O resultado do trabalho do Tribunal de Contas merece aplausos e alguns comentários. A começar por uma crítica relativa à compreensão adotada pelo órgão de que é possível delegar aos estados a decisão sobre a destruição ou não das cavernas. Explico: de fato, hoje, o licenciamento ambiental, na maioria das vezes, é de competência dos estados. Entretanto, não concordo que isso autorize estes a darem a palavra final sobre quais cavernas podem ou não ser destruídas. Até mesmo porque poucas agências estaduais têm em seus quadros gente especializada para fazer essa avaliação.

 

Continuo insistindo: por analogia, esta prática significaria delegar aos órgãos estaduais a palavra final sobre prédios públicos do governo federal, com a agravante de que a avaliação dos mesmos seria de responsabilidade das empresas que pretendem dispor dos terrenos onde os mesmos estão situados.

 

Mas o Tribunal de Contas fez constatações absolutamente relevantes. De acordo com acórdão, o Brasil apresenta potencialidade de ocorrência de 300 mil cavernas, mas apenas 12 mil encontram-se cadastradas no CECAV (Centro Nacional de Pesquisa e Conservação de Cavernas). E este tem sido dotado de recursos absolutamente insuficientes para exercer as suas funções: nos últimos anos a média anual de recursos é da ordem de R$ 100.000,00. Ou seja, cerca de R$ 8.000,00 por mês. Desses valores, o total destinado para conservação e manejo do patrimônio espeleológico no ano de 2010 corresponde a R$ 455,00. Ou seja, R$ 38,00 por mês.

 

Quantos cafezinhos podem ser comprados com esse valor?

 

Mas existem outras informações levantadas pelo TCU absolutamente assustadoras. O CECAV conta com vinte e três servidores efetivos e quatro terceirizados.
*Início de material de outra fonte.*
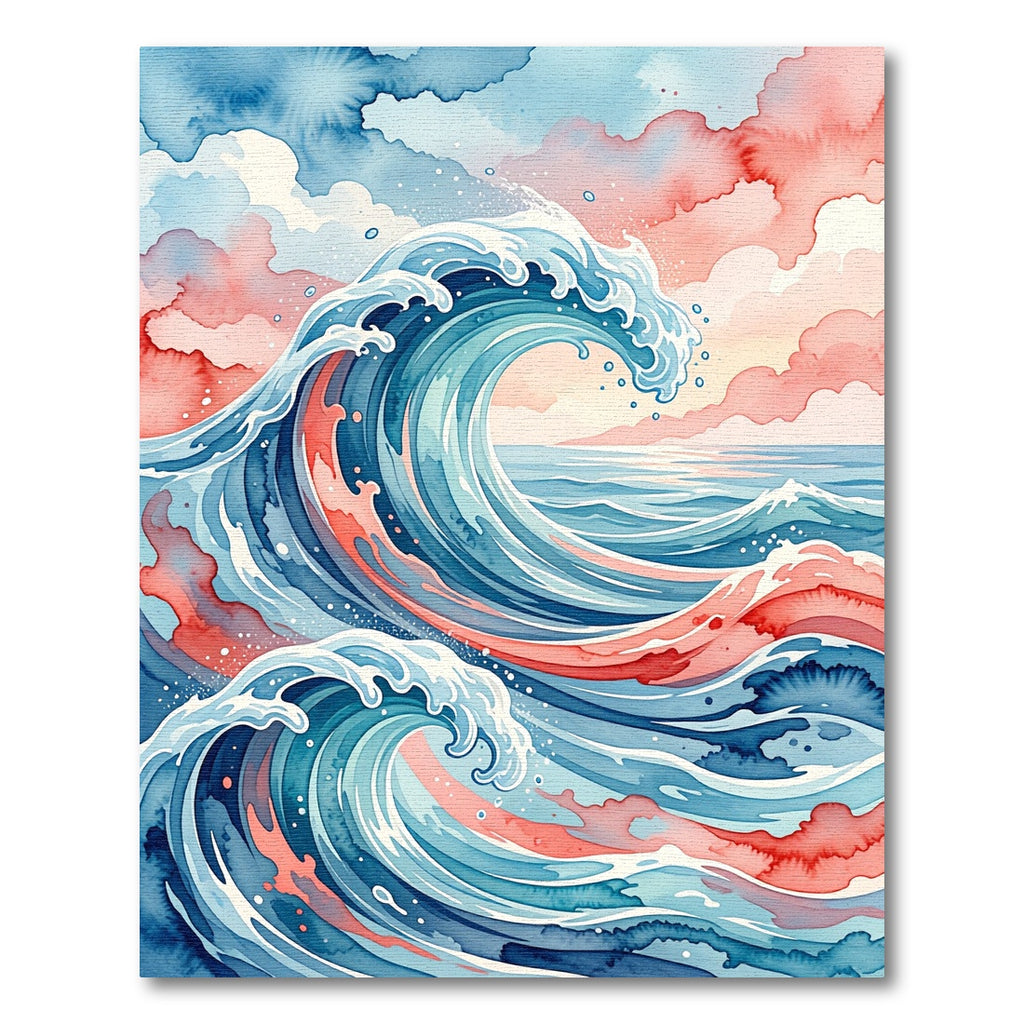 Watercolor Ocean Wave Sunset Serene Rug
Mais uma vez fica evidente que o governo federal abriu mão da sua responsabilidade constitucional de proteger as nossas cavernas.

 

Diante desse quadro de indigência absoluta da proteção do patrimônio espeleológico brasileiro, há que se elogiar uma iniciativa do deputado ambientalista José Sarney Filho, responsável por colocar o TCU nessa questão. Nas suas palavras, “O Brasil ainda não despertou para a importância das nossas cavernas.” A biodiversidade subterrânea tem um valor intrínseco, como reconhece a Constituição Federal de 1988. E mais do que isso, pode trazer muitas possibilidades em termos de novos medicamentos, e mesmo inspirar o setor empresarial a inovações decorrentes desse novo conceito de biomimética.

Artigo publicado no jornal Brasil Econômico em 26 de junho de 2014.